Ai golfisti, ma anche a molti appassionati di storia del nostro sport, il nome di Francesco Pasquali probabilmente non dirà molto.

Eppure è stato un grande maestro. Un campione che ha aperto la strada al golf in Italia e un eccellente clubmaker, i cui pezzi sono tuttora molto apprezzati dai collezionisti.

E soprattutto l’uomo che, nel settembre 1925, si aggiudica sul percorso di Stresa il primo Open d’Italia.

Pasquali nasce a Bientina, in provincia di Pisa, nel 1894. Già pochi mesi dopo, come tanti italiani in quel periodo, si trasferisce con la famiglia nel sud della Francia, a Hyères.

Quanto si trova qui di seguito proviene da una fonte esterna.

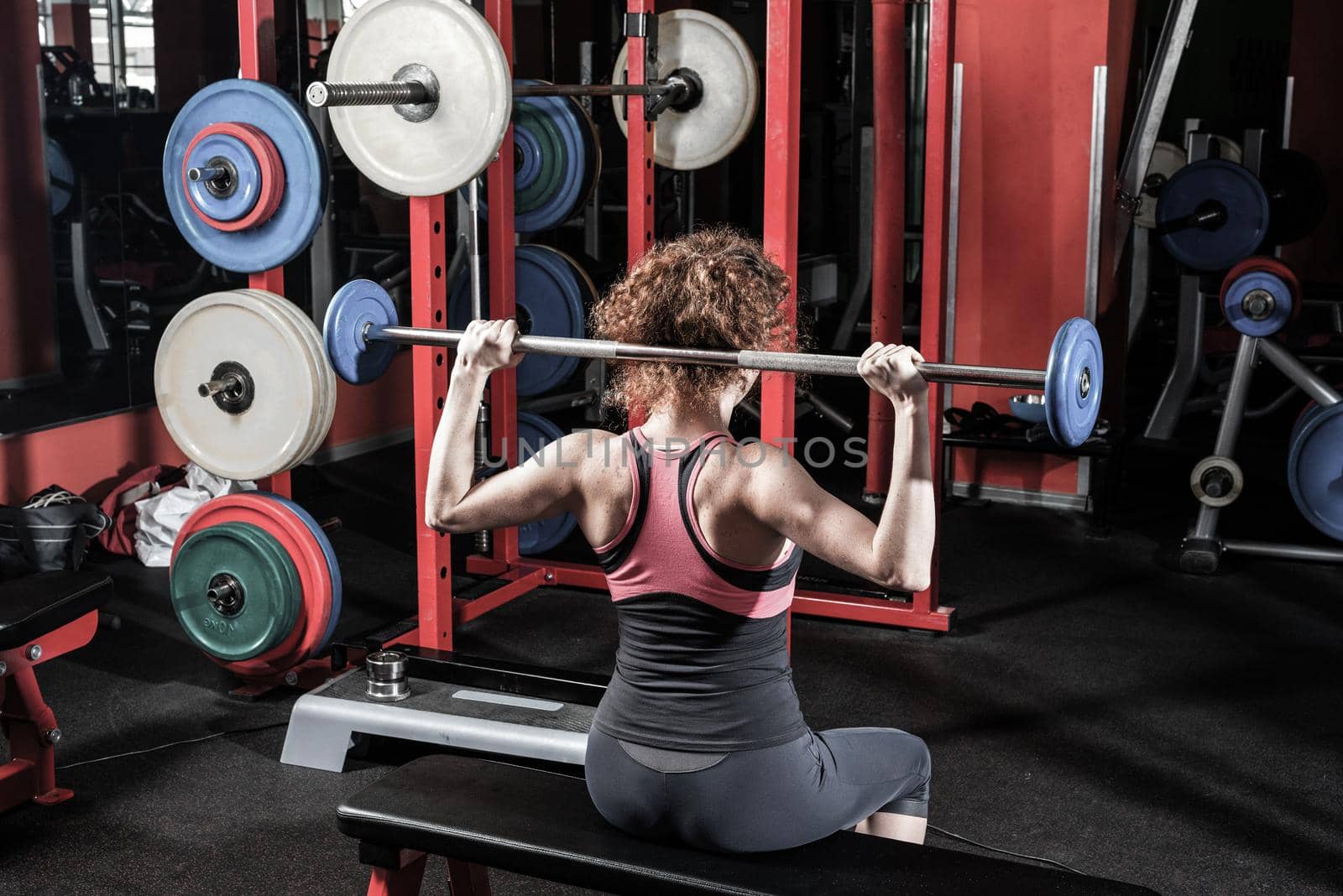 Woman bodybuilder engaged with a barbell in the gym. Healthy lifestyle.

E al pari di tanti ragazzini si avvicina al mondo del golf come caddie in un campo nelle vicinanze. Viene notato e seguito dal professionista inglese Freemantle, di cui diverrà poi assistente.

Allo scoppio della Grande Guerra, Francesco Pasquali va soldato nelle Ardenne con le Camicie rosse di Peppino Garibaldi.

Il suo sogno però è rivedere l’Italia. Ci riesce verso la fine del conflitto – è ormai il 1918 – quando viene inviato a combattere sul Monte S. Michele.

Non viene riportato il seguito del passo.